Alaska’s delegation in Washington was more circumspect than the environmental lobby.
Sen. Dan Sullivan said the accord “significantly disadvantaged the U.S. economy and American families and workers relative to other nations, especially China.”
Sen. Lisa Murkowski said that an accord wasn’t necessary to continue the work of stabilizing the climate.
Then then we come to Alaska Gov. Bill Walker, who issued the most enigmatic statement of the day:
“Alaska is the United States’ only Arctic state. In spite of the United States’ withdrawal from the Paris climate accord today, Alaska will continue to work to boost national defense and security measures for our 6,640 miles of Alaskan coastline, increase resilience for Arctic communities, and provide energy leadership for the nation.” [Italics ours]
In two sentences, Walker said that in spite of the withdrawal, Alaska will work on national defense and provide energy leadership, although that phrase has no more meaning than the accord itself.
Just a day earlier, he was applauding the possible production of more oil in Alaska, when Secretary of Interior Ryan Zinke had signed a secretarial order to open up more federal land that the Obama Administration had put on ice in the National Petroleum Reserve Alaska.
Yesterday Walker said, “I applaud Secretary Zinke for removing the obstacles so that Alaska can play a greater role in securing the nation’s energy dominance.”
Now, Walker refers to a vague “energy leadership.”
Trump is indeed calling for energy “dominance,” and that’s where we’re heading for the next four to eight years — providing more oil to the world and to our own economy. Not less oil. Growing a stronger economy. Not a weaker one.
Walker continued: “Alaskans know that our landscape is changing at an accelerating pace. We are experiencing social and economic upheaval caused by shrinking sea ice, rising sea level, increasing intensity of storms, and increasing coastal erosion. Alaska communities such as Shishmaref, Kivalina, and Newtok are literally washing into the ocean.”
This is interesting. Is Walker really blaming all of our social and economic ills on the 1.3 degree change the earth has experienced in the past 100 years? We see some shorelines being eroded in Alaska, while other shorelines are rising due to isostatic rebound (glacier weight rebound). In some areas of Alaska, the land is rising so fast out of the ocean that surveys are inaccurate after only a couple of years.

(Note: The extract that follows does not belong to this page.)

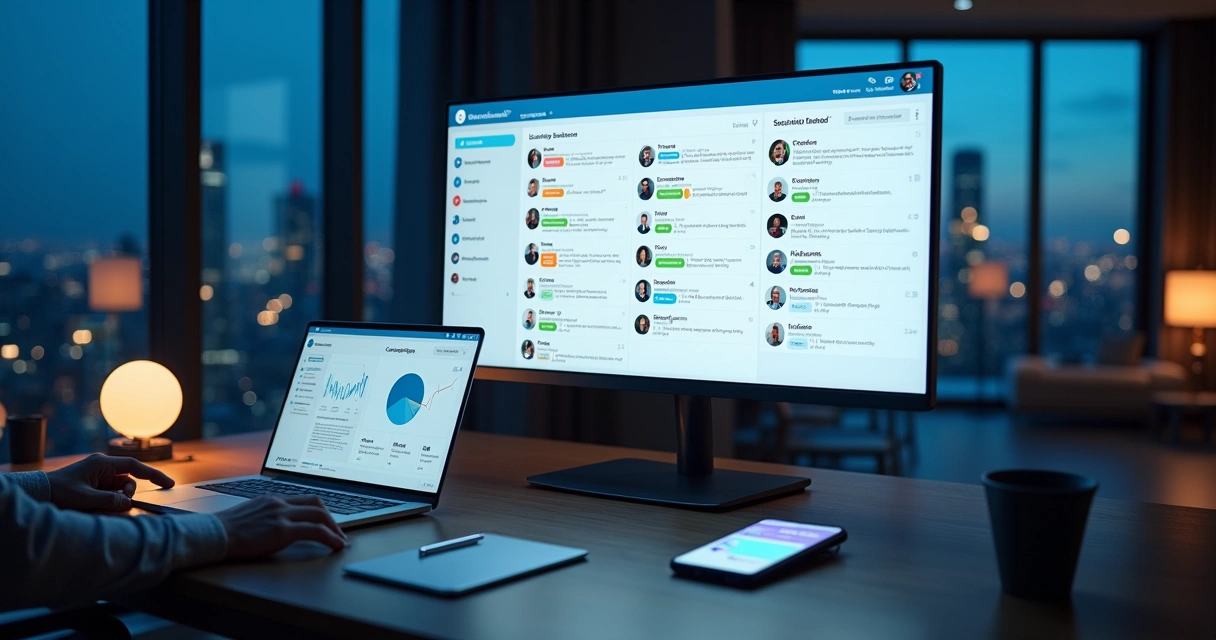 Dashboard de LinkedIn com tags coloridas organizando leads B2B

“The land is ascending so fast that the rising seas — a ubiquitous byproduct of global warming — cannot keep pace. As a result, the relative sea level is falling, at a rate ‘among the highest ever recorded,’- 2007 report by a panel of experts convened by Mayor Bruce Botelho of Juneau.” – New York Times, 2009
Someone call Bruce Botelho and tell him about the “existential crisis.”
Is Alaska really seeing an increasing intensity of storms? There is no proof given for that statement on the State’s climate change information page. Only speculation and a lot of broken links.

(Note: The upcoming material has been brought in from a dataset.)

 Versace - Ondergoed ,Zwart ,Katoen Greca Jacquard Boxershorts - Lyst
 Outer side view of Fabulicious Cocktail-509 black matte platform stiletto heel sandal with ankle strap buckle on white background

If anything, Alaska is experiencing milder winters and we’re using less fuel to heat our homes. Well, except for this winter, which was more like the old days, when we just talked about the weather.
“Erosion threatens remote radar sites essential to maintaining control of U.S. airspace when it is most needed to detect and counter Russian incursions. Melting permafrost imperils military installations in Interior Alaska. Easier maritime and air access to Alaska creates homeland security and defense threats,” Walker said.

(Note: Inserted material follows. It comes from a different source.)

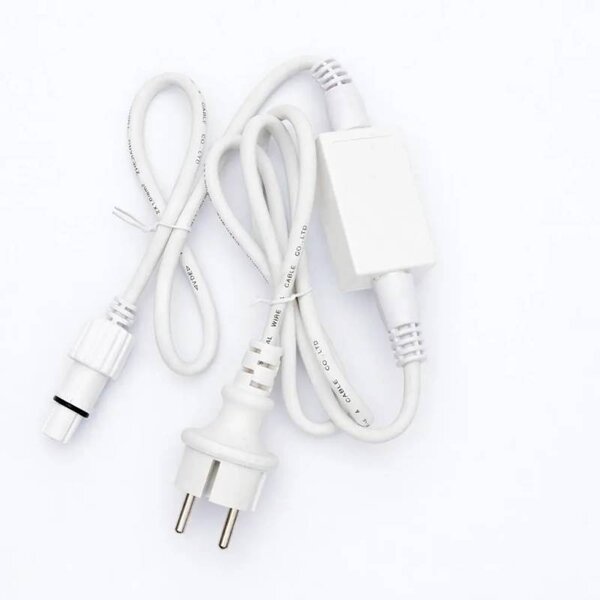 DECOLED Easy Fix zdrojový kabel venkovní 480 W s neoddělitelným AC/DC, 150 cm bílý kabel IP67, 230 V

Ah, bring on the Russians, the old Red Scare. Climate change will put us at risk of the Ruskies. Worth taking a look, but this is truly an imaginative stretch.
“International military interest demonstrates the importance of the Arctic and subarctic in planning our nation’s defense strategies. We stand ready to assist the Trump Administration in achieving the goal of protecting Americans, their communities, and their way of life,” Walker concluded.
And what a “stand ready,” “way of life”conclusion for Gov. Walker’s tortured statement that ends up signifying nothing. Just like the Paris Accord.